> _Task item_: Give the data again exactly as it appears, excluding any pictures.

> _Data below_:
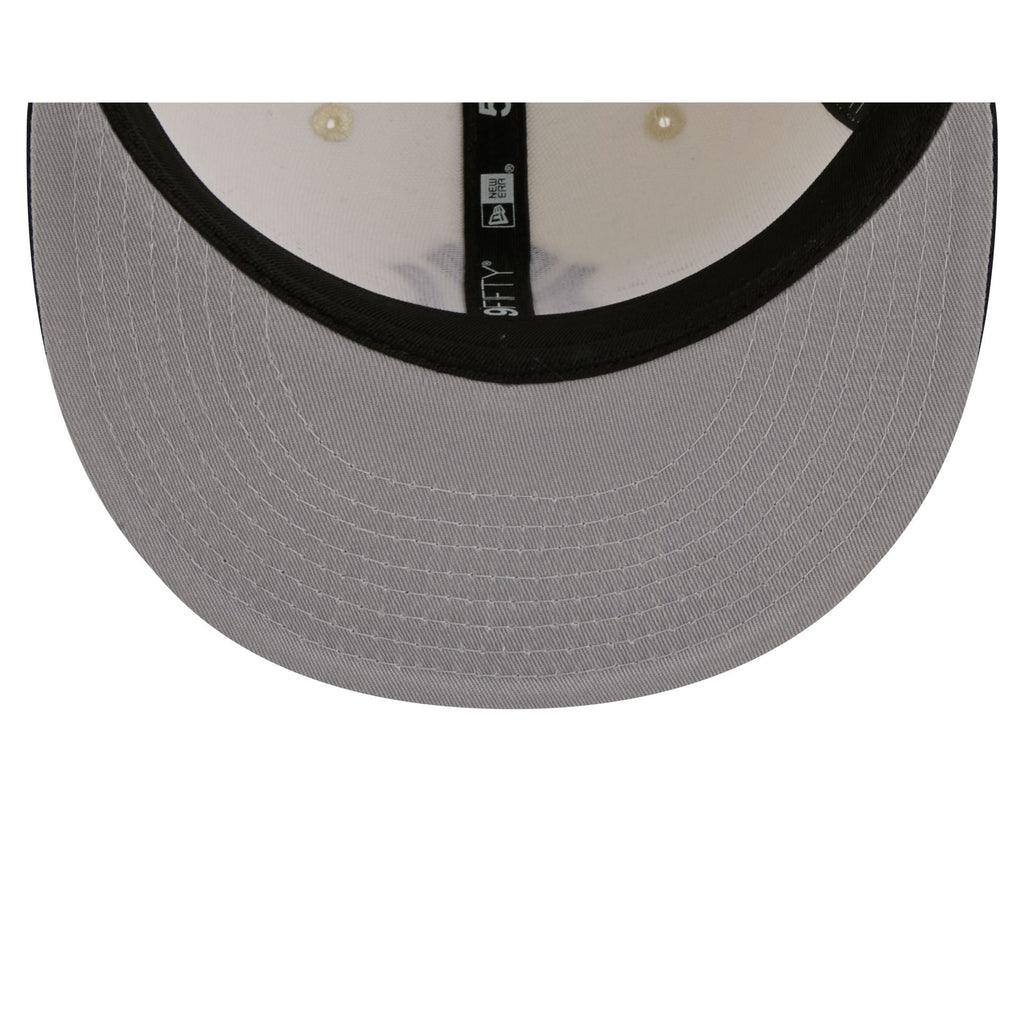 New York Yankees Chrome White Basic 59FIFTY Fitted Hat - Image 7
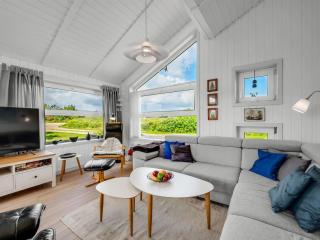 Holiday Home Elviira - 600m from the sea by Interhome - 2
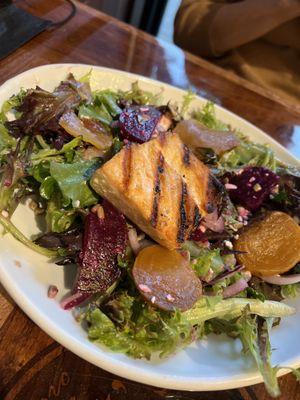 Roasted Beet Salad w Salmon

> _Exercise response_:
 New York Yankees Chrome White Basic 59FIFTY Fitted Hat - Image 7
 Holiday Home Elviira - 600m from the sea by Interhome - 2
 Roasted Beet Salad w Salmon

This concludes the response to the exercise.